Since this meant retailers and banks needed to buy new equipment that can read the chip-equipped cards, the card networks set a series of deadlines. The deadline for retail points of sale was in October 2015, for ATMs was October 2016, and for gas station pay-at-the-pump terminals was supposed to be October 2017.
After these deadlines, liability for fraudulent transactions would fall on the merchant still using an old payment terminal, not on the bank that issued the credit or debit card. That doesn’t affect consumers all that much, but it definitely affects retailers, some of which have sued card issuers over the delay in certifying those new payment systems that they had to install.
What does all of this have to do with gas stations? Gas pumps are fantastic targets for card skimmers, devices that capture customers’ card numbers as they’re swiped through the magnetic reader, since they aren’t in the direct view of a cashier, and they get lots of traffic. Security reporter Brian Krebs notes that gas station skimmer attacks have increased this year, perhaps because chip cards and readers are finally becoming prevalent. They’ve been especially plentiful in Arizona this year.
Here’s the problem, if you’re a gas station owner: those pay-at-the pump terminals are really expensive. That’s why the payment networks announced this week that they’re giving gas stations an additional three years to get new equipment.

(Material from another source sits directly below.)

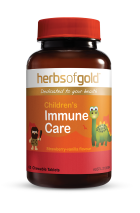 Herbs of Gold Children's Immune Care 60 Chewable Tablets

Retrofitting some stations with older equipment is more complicated than swapping in a new card reader. “In some cases, older pumps may need to be replaced before adding chip readers, requiring specialized vendors and breaking into concrete,” Visa noted in a statement.
What all of this means is that it’s going to be a good idea for a while still to use a credit card rather than a debit card at the gas pump. If a scammer gets hold of your debit card number, they can drain your checking account and cause financial havoc as all of your payments bounce. Using a credit card leaves you with a bit of breathing room in case of suspicious transactions.